Saifai is a large village and university town in the Etawah district of the Indian state of Uttar Pradesh. It is also a sub-division (Tehsil) and Block (Kshetra Panchayat) of the Etawah district. It is the birthplace of Mulayam Singh Yadav, the founding president of the Samajwadi Party, former Minister of Defence in India, and former Chief Minister of Uttar Pradesh.

==Geography==
Saifai, categorised as a village, is situated in Etawah district at the border with Mainpuri district. Its geographical location falls under Ganges-Yamuna Doab of Uttar Pradesh.

Saifai village has an area of 887.47 hectares and Saifai Block (Kshetra Panchayat) is 20,403.30 hectares. Saifai is located 23 km north from the nearest city Etawah. Saifai is about 110 km away from the historic city of Taj Mahal, Agra and 230 km from the State capital Lucknow.
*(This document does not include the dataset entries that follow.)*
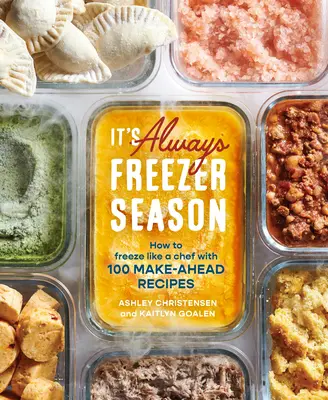 Vždy je sezóna mrazničiek: Ako zmraziť ako šéfkuchár so 100 receptami na prípravu jedál [kuchárska kniha] - It's Always Freezer Season: How to Freeze Like a Chef with 100 Make-Ahead Recipes [A Cookbook]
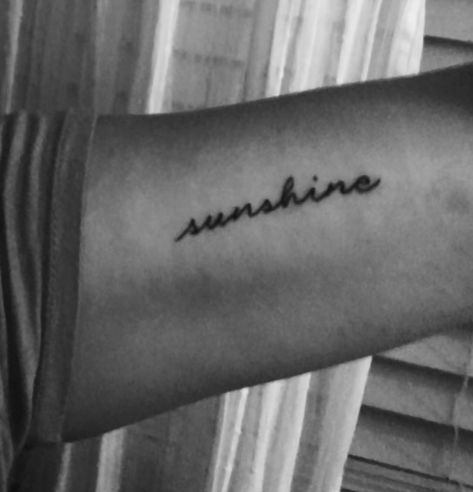 Sunshine tattoo The Word Sunshine Tattoo, You Are My Sunshine Tattoo Small Simple, Sunshine Word Tattoo, Sunshine Tattoo Ideas, Sunshine Tattoos, Tattoo Frases, Handwriting Tattoos, Sunshine Tattoo, Tattoo Placements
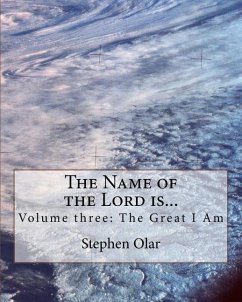 The Name of the Lord is...: Volume three: The Great I Am - Olar, Stephen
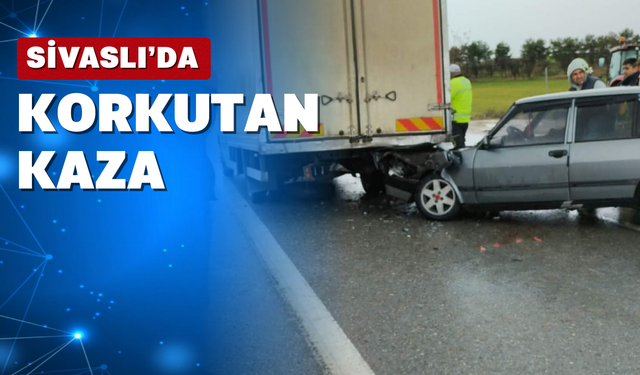 Uşak-Sivaslı Yolunda Kaza: Yağışlı Hava Kazayı Beraberinde Getirdi!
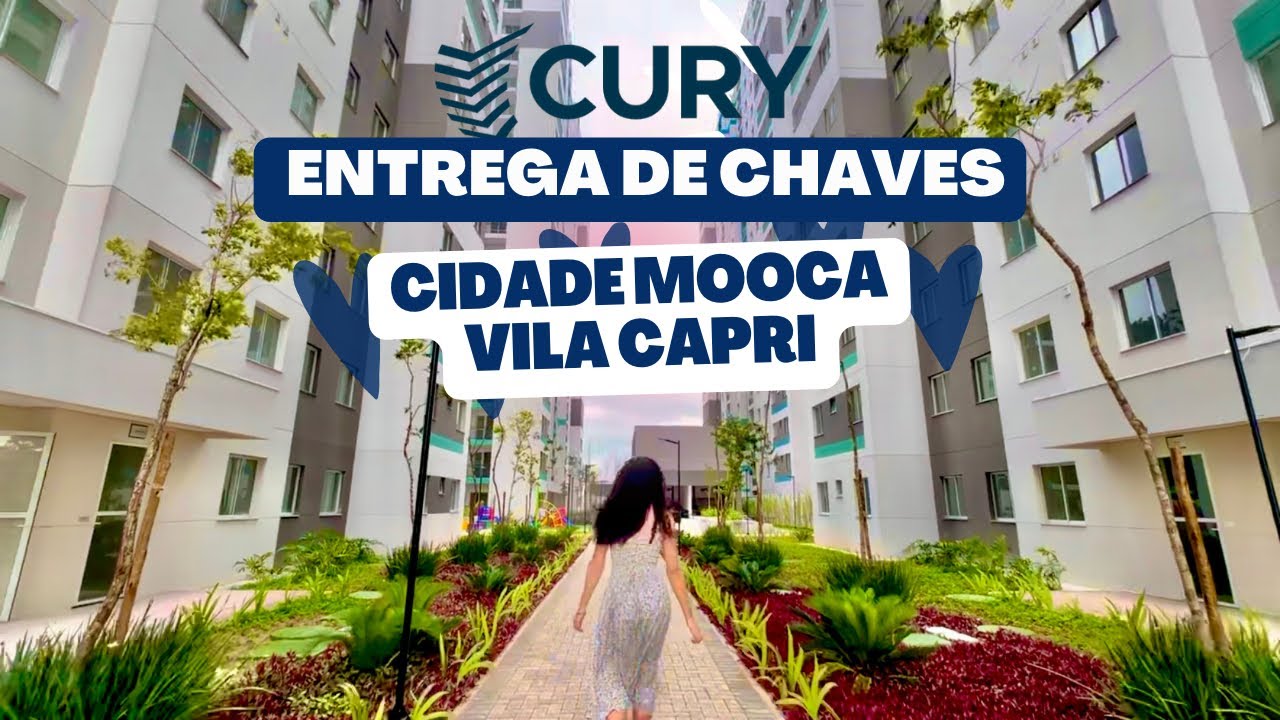 MINHA PRIMEIRA ENTREGA DE CHAVES NA CURY | CIDADE MOOCA | VILA CAPRI | @Cury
==Saifai Tehsil and Block==
Saifai is a Sub-Division (Tehsil) and Block (Kshetra Panchayat) of Etawah district, Uttar Pradesh. There are about 60 villages in Saifai block. Saifai Block (Kshetra Panchayat) comes under Jaswantnagar Vidhan Sabha constituency and Mainpuri Lok Sabha constituency.

==Education==

=== Universities ===
- Uttar Pradesh University of Medical Sciences (formerly U.P. Rural Institute of Medical Sciences and Research) is a medical research public university established by the Government of Uttar Pradesh under Act 15 of 2016. The university has a Medical College, Paramedical College, Nursing College, Pharmacy College, multispeciality 850-bed hospital, and a 150-bed trauma and burn centre. A super specialty hospital with 500 beds has also been established in the university by the Government of Uttar Pradesh.

===Colleges===
- Pharmacy College Saifai, established in 2015, was the first government aided pharmacy college run by the Uttar Pradesh Government. Earlier affiliated with UPTU, it is now part of the Uttar Pradesh University of Medical Sciences.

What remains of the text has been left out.